In the case of full convex grinds the approximate centre of the grind is used for the primary bevel angle estimate.




_(Wherever you see the 'Read MORE' marker, it indicates that the Extended Version of the review has additional content at that point. Viewing the extended version helps support further reviews, but please ensure you return to this Forum for comments and discussion.)_


The blade is made from 12C27 Swedish Steel.


*Explained by the Maker:*
_The reasons for certain design choices may not be clear when simply looking at an object, so this section is intended to give an insight into the thinking behind a design by speaking to the designer themselves._

_Unfortunately I can’t always get time with the designer so will use this section to include relevant information about the knife and its designer._

This is an interview with 'Head of Production' at Morakniv, Thomas Eriksson, from IWA 2017 by Tactical Reviews.
The discussion includes how the factory edge is created, maintained and also includes micro-bevels and zero-grinds. It is 16 minutes long, so you might want to come back to this after reading the rest of the review.
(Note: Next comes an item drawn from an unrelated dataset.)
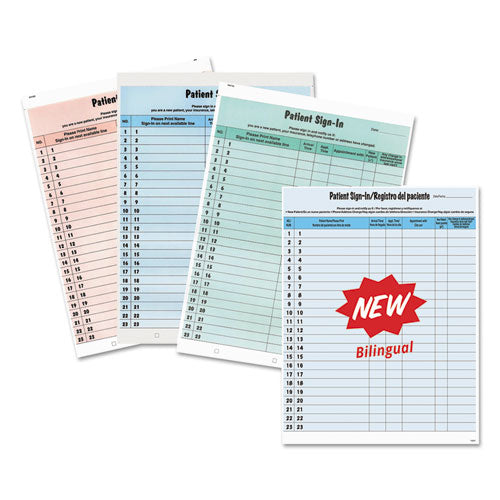 Tabbies® wholesale. Hipaa Labels, Patient Sign-in, 8.5 X 11, Blue, 23-sheet, 125 Sheets-pack. HSD Wholesale: Janitorial Supplies, Breakroom Supplies, Office Supplies.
"The colours of Eldris are inspired by our surrounding region and our history. The black of coal is never far away if you go out in the forests around Mora. Suddenly you'll happen upon an old charcoal pit or the remains of one. The well-known Dala red (or Falu red) colour gets its pigments from the Falu copper mines. Since as far back as the 1700s, the familiar red-painted houses with white frames have spread across the country and become an international symbol for Sweden and the county of Dalarna.
As well as the Dala red colour, we also have a Dala blue, which can be seen on everything from building details to clothes. It's even in our regional coat of arms, together with the crossed arrows and the royal crown. The moss green colour is inspired by the nature and unique surroundings of the area around Lake Siljan. Deep in the forests we find the calm and inspiration for this green hue. Finally, we have the golden ocher colour, taken from the Dalarna paintings of the 1600's, and also the folk costumes that people in Mora have worn since time immemorial."








*A few more details:*

The five different colours of the Eldris. The fire-starter optional kit is attached to the bottom of Eldris knife box.






For the fire-starter kit version of the Eldris, this is the full set of components. The Eldris knife and sheath, security strap, length of cord and ferrocerium rod with leather tab and cord loop.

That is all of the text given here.